Start of Block

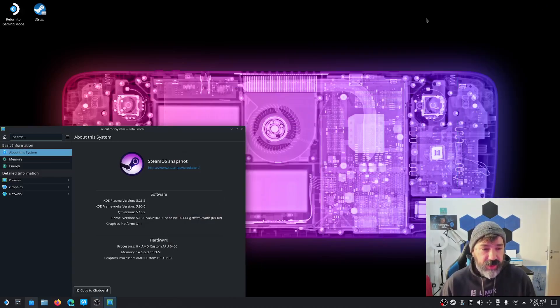Hey everybody, Jason here. I wanted to make a quick test recording using the Steam Deck. I'm recording on the Steam Deck right now with OBS Studio, and to capture my face I'm using a Logitech Brio webcam. To capture audio I'm using the built-in microphone on the Steam Deck, talking at my normal voice with the Steam Deck about 18 inches away from me, just underneath the monitor.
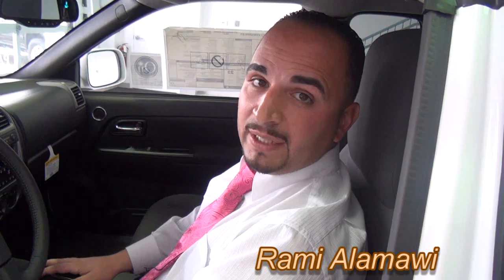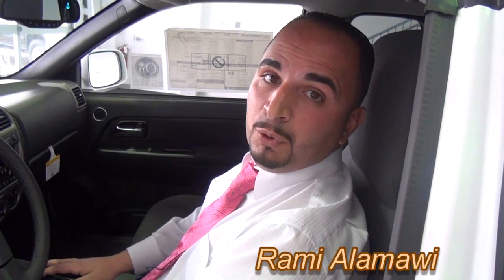Hi, this is Rami with Phillips Chevrolet in Frankfurt, Illinois. Today I'm going to show you how to actually download your contact information using Bluetooth right to your 2012 Chevy Colorado.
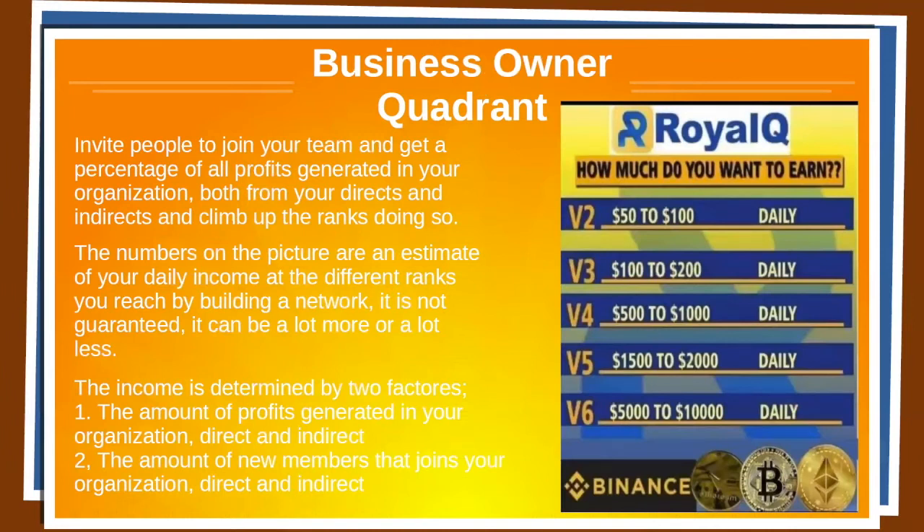Business owner quadrant: invite people to join your team and get a percentage of all profits generated in your organization, both from your directs and indirects, and climb up the ranks doing so. The numbers on the picture are an estimate of your daily income at different ranks you reach by building a network — it is not guaranteed, it can be a lot more or a lot less. The income is determined by two factors: the amount of profit generated in your organization, and the amount of new members that join your organization.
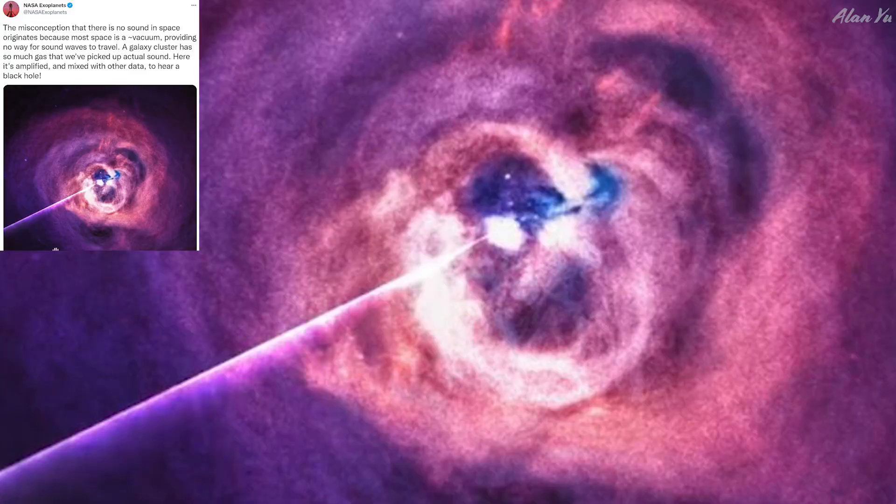This was kind of neat - space-related information. People often say in space there's no sound, but this one would show otherwise. It says the misconception that there is no sound in space originates because most of space is a vacuum, providing no way for sound waves to travel. However, a galaxy cluster has so much gas that they actually picked up real sound - it's amplified and mixed with other data to hear a black hole.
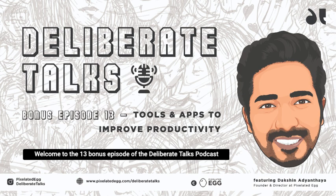Welcome to the 13th bonus episode of the Deliberate Docs podcast. I'm your host Dakshin Adyantaya, back with a short weekly conversation. Today, instead of talking about one single app, let's talk about various apps for different needs, all to improve your professional and personal productivity — because leaning on tools and technology to ease your work is far better than being all over the place wondering how to get your work done, and more importantly, from whom to get your work done.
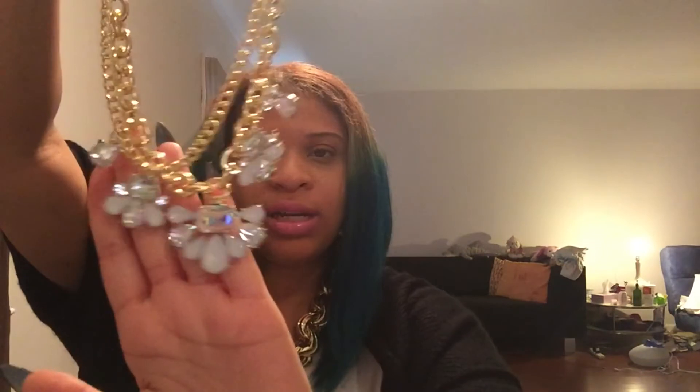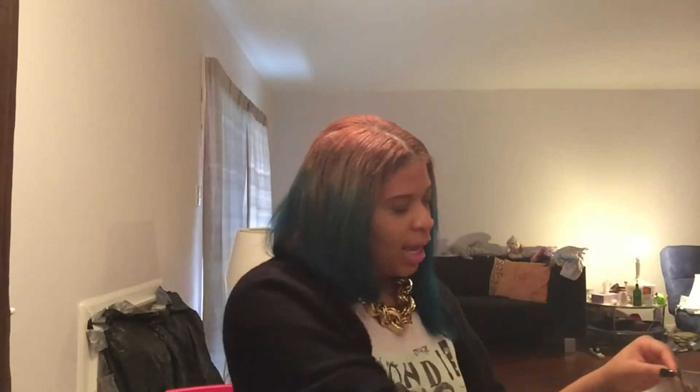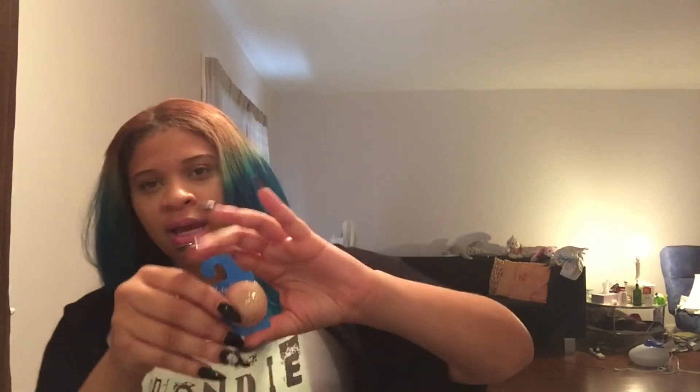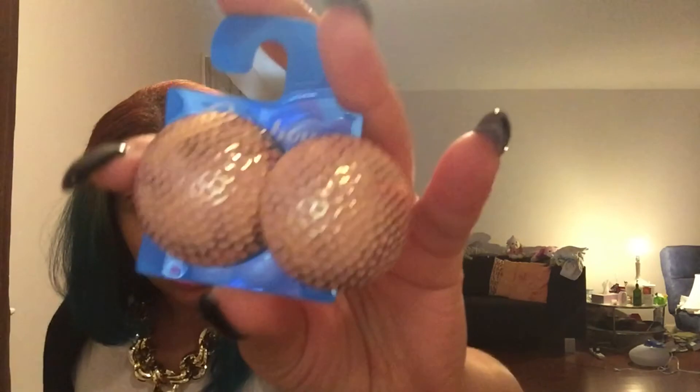I got those Forever 21 earrings to go with this necklace for Christmas. The necklace was $8.99 from my job — it already comes with earrings but I thought the gem ones would look better with it. I love pieces like this that instantly glam up your outfit. The last piece of jewelry I got was these pastel pink earrings with a gold coating, also from my job for $3.99. I got them because I have a pink fur coat to match.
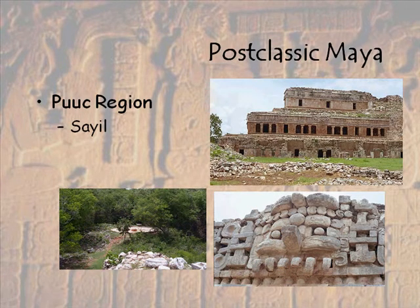Sayil, or 'a place of ants,' and I can attest to the fact that they have really, really big ants there that bite, and it really hurts when they bite you. But here's the great palace, kind of reminiscent of a little bit of what we saw at Edzna and so forth, but we don't think this was actually a pyramid.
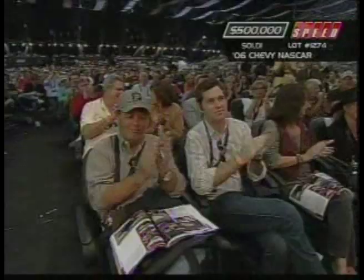$500,000. God bless America. Thank you, Ron. Thank you, Rick. Thank you, everybody.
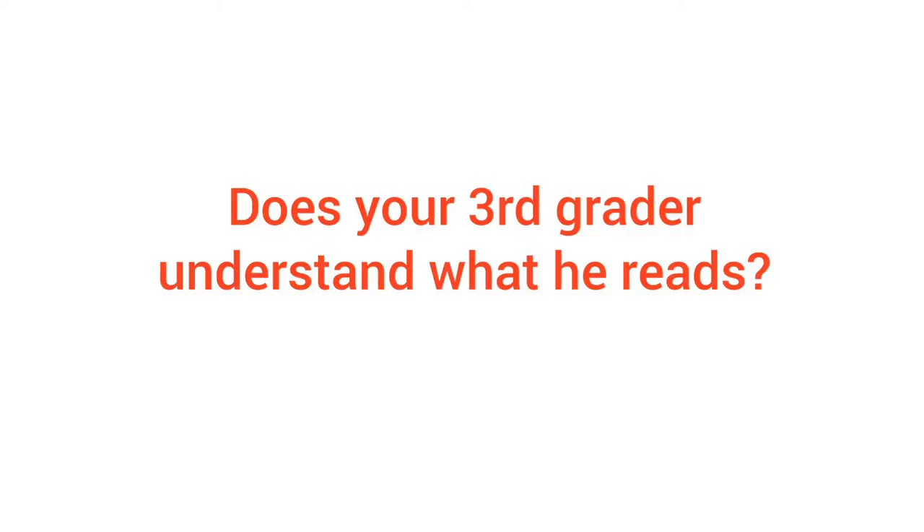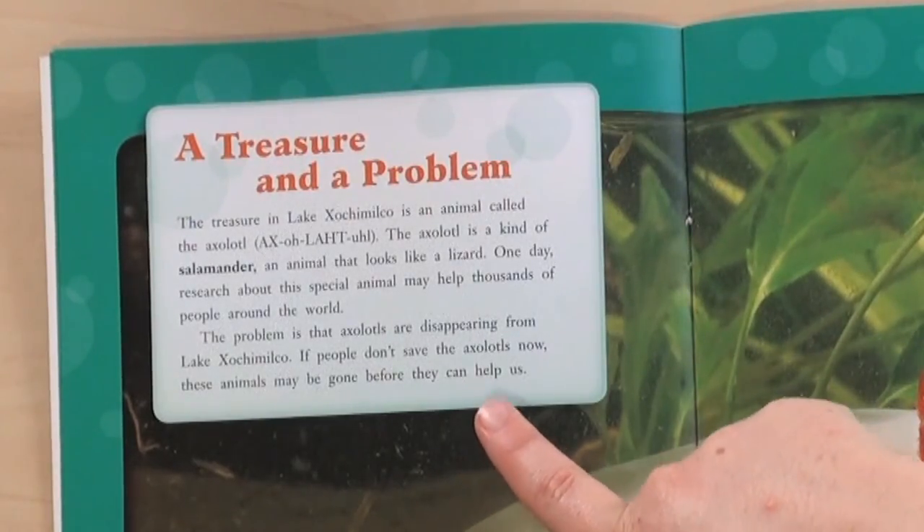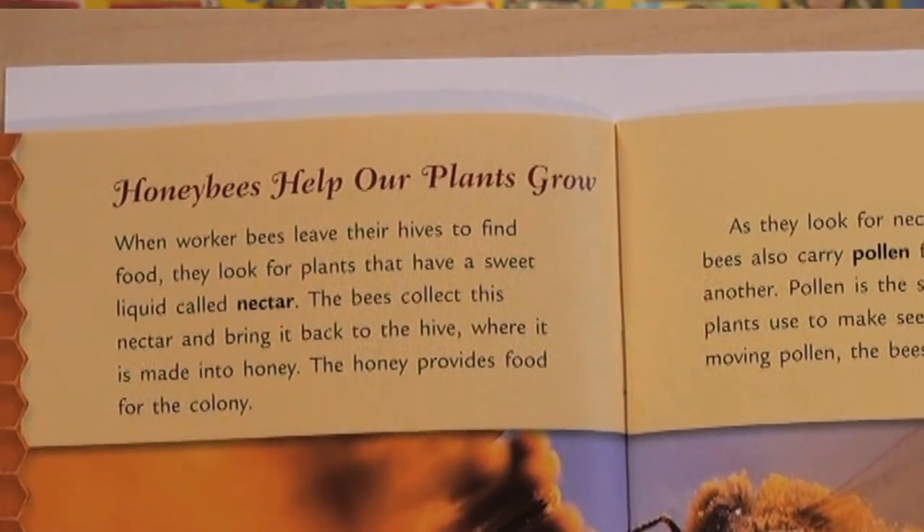Does your third grader understand what he reads? Books are getting a little harder these days. The sentences are more complicated, and the ideas are more sophisticated. So now is the time to check that kids are really understanding what they read.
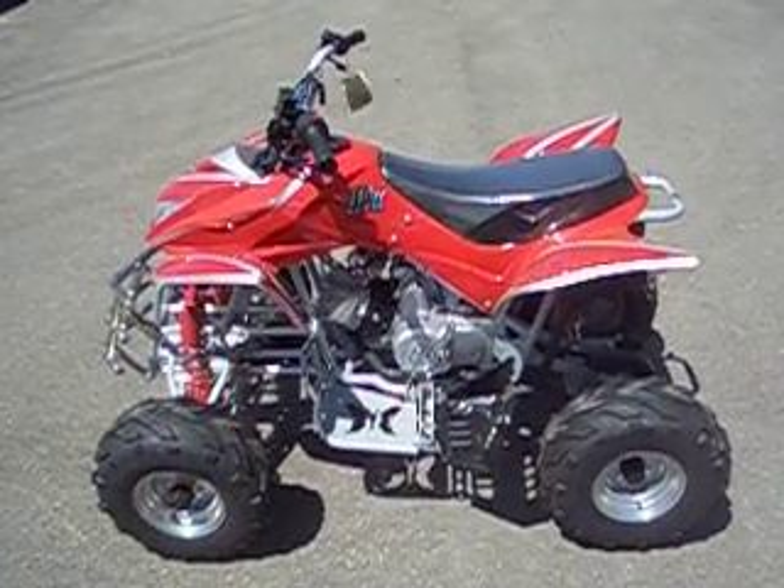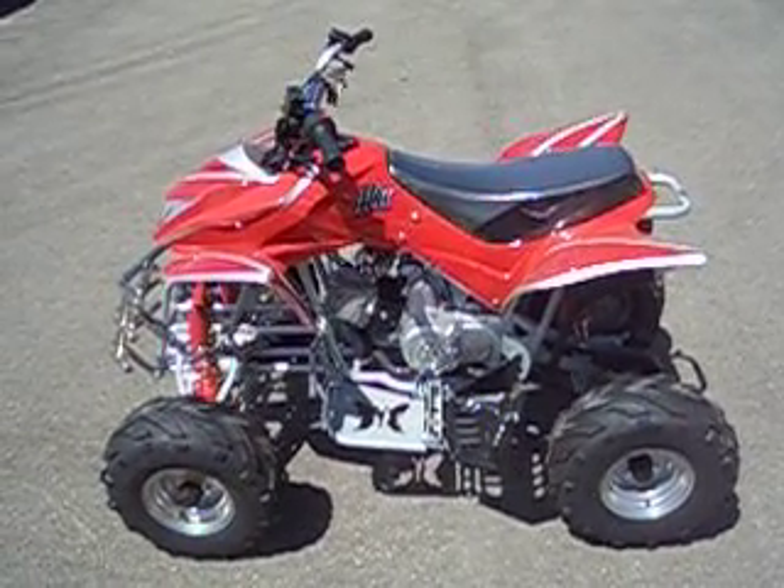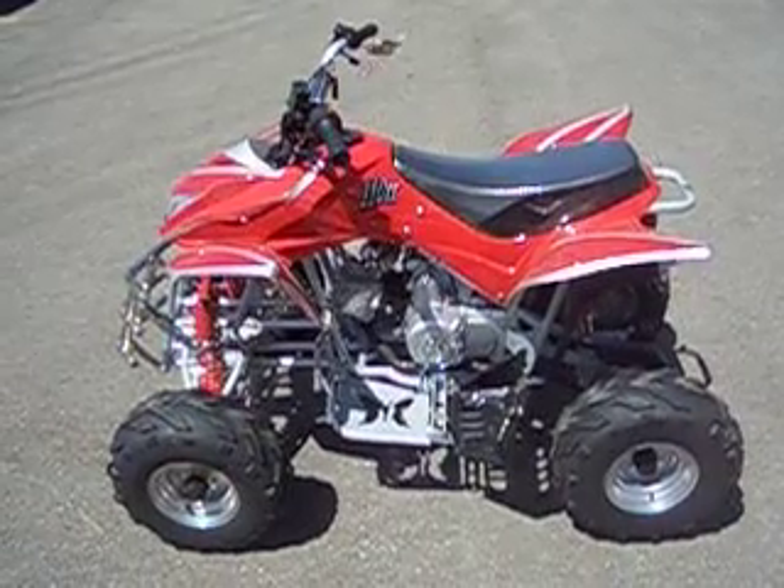Introducing the 110cc Assassin Sport ATV, great for pre-teens and young adults.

End of Block

### [Task]
Take only the lines above from the one that has "Hi, this is" through the one that has "I got those" and reproduce them exactly, omitting any pictures.

### [Task solution]
Hi, this is Rami with Phillips Chevrolet in Frankfurt, Illinois. Today I'm going to show you how to actually download your contact information using Bluetooth right to your 2012 Chevy Colorado.
Business owner quadrant: invite people to join your team and get a percentage of all profits generated in your organization, both from your directs and indirects, and climb up the ranks doing so. The numbers on the picture are an estimate of your daily income at different ranks you reach by building a network — it is not guaranteed, it can be a lot more or a lot less. The income is determined by two factors: the amount of profit generated in your organization, and the amount of new members that join your organization.
This was kind of neat - space-related information. People often say in space there's no sound, but this one would show otherwise. It says the misconception that there is no sound in space originates because most of space is a vacuum, providing no way for sound waves to travel. However, a galaxy cluster has so much gas that they actually picked up real sound - it's amplified and mixed with other data to hear a black hole.
Welcome to the 13th bonus episode of the Deliberate Docs podcast. I'm your host Dakshin Adyantaya, back with a short weekly conversation. Today, instead of talking about one single app, let's talk about various apps for different needs, all to improve your professional and personal productivity — because leaning on tools and technology to ease your work is far better than being all over the place wondering how to get your work done, and more importantly, from whom to get your work done.
I got those Forever 21 earrings to go with this necklace for Christmas. The necklace was $8.99 from my job — it already comes with earrings but I thought the gem ones would look better with it. I love pieces like this that instantly glam up your outfit. The last piece of jewelry I got was these pastel pink earrings with a gold coating, also from my job for $3.99. I got them because I have a pink fur coat to match.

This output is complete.